> Data section:
■ ■ ■ ■ ■ ■ ■
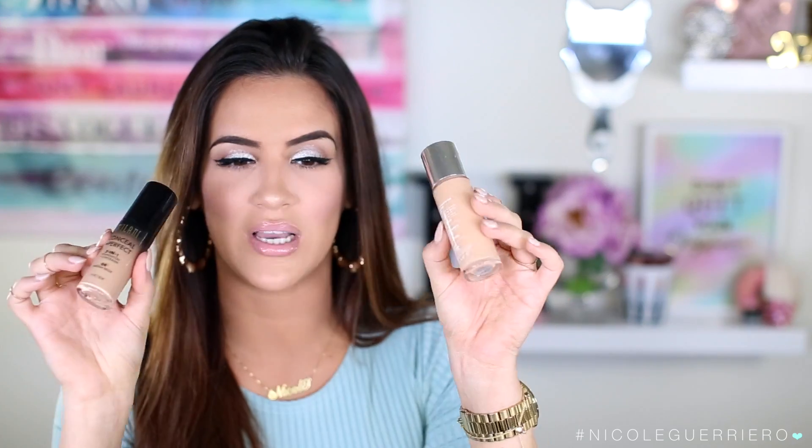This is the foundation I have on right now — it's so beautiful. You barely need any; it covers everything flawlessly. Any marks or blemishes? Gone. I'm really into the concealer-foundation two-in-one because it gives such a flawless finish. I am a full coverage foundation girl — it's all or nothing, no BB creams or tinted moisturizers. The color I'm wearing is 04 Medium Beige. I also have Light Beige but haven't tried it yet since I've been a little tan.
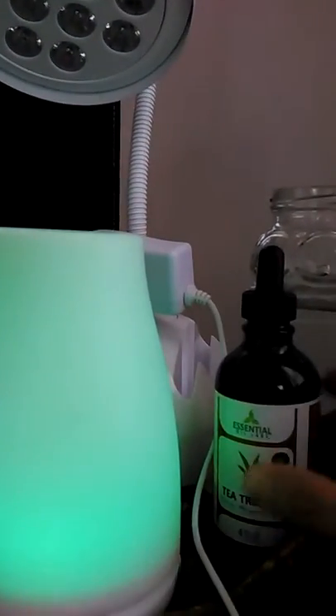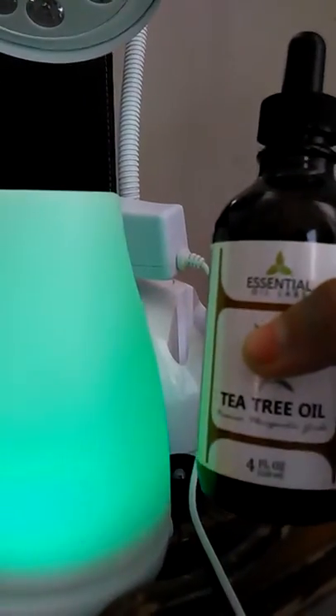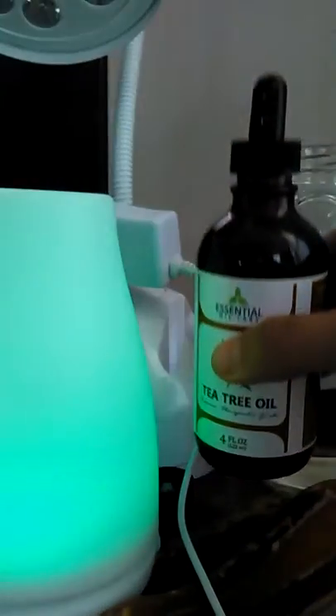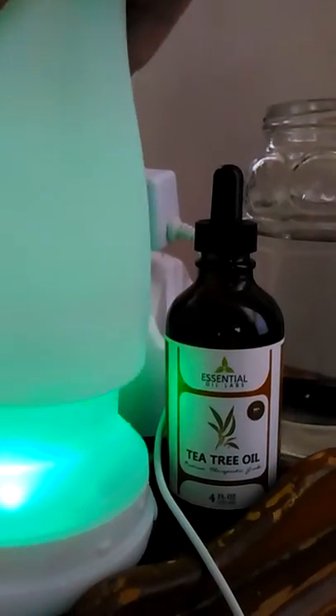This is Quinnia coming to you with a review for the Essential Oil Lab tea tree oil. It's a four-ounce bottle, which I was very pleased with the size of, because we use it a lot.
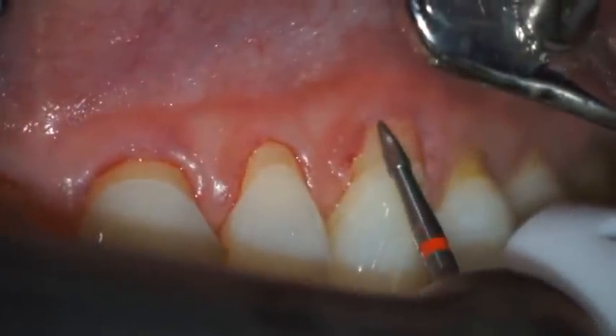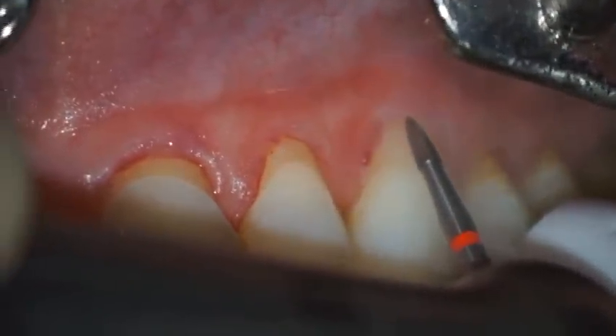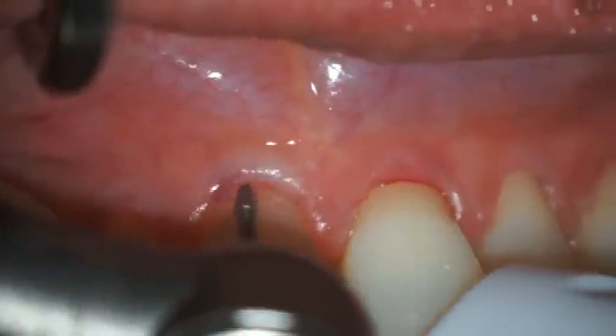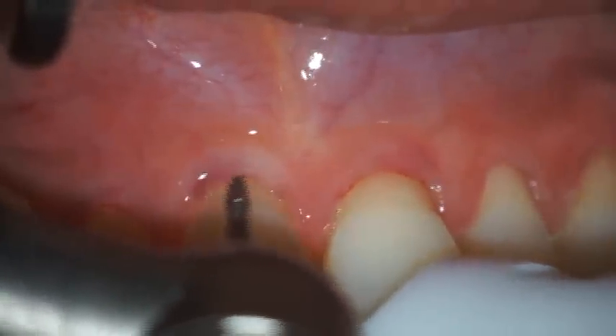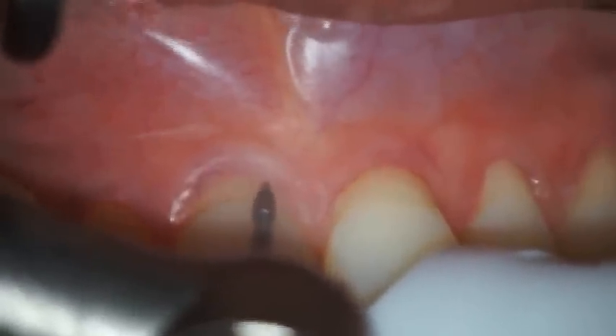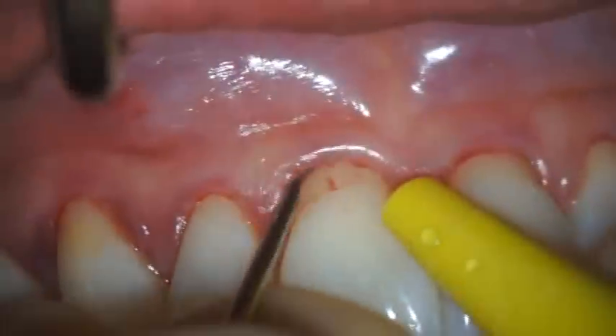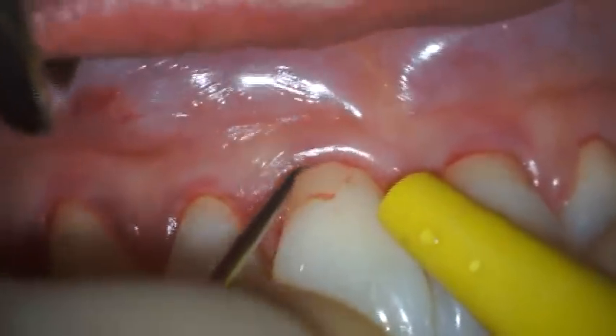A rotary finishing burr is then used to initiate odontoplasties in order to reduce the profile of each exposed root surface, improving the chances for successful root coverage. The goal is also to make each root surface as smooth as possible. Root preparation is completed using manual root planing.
■ ■ ■ ■ ■ ■ ■
> Problem description: The answer must be the full listing, exact in every line, with the pictures removed.

> Output of the task:
This is the foundation I have on right now — it's so beautiful. You barely need any; it covers everything flawlessly. Any marks or blemishes? Gone. I'm really into the concealer-foundation two-in-one because it gives such a flawless finish. I am a full coverage foundation girl — it's all or nothing, no BB creams or tinted moisturizers. The color I'm wearing is 04 Medium Beige. I also have Light Beige but haven't tried it yet since I've been a little tan.
This is Quinnia coming to you with a review for the Essential Oil Lab tea tree oil. It's a four-ounce bottle, which I was very pleased with the size of, because we use it a lot.
A rotary finishing burr is then used to initiate odontoplasties in order to reduce the profile of each exposed root surface, improving the chances for successful root coverage. The goal is also to make each root surface as smooth as possible. Root preparation is completed using manual root planing.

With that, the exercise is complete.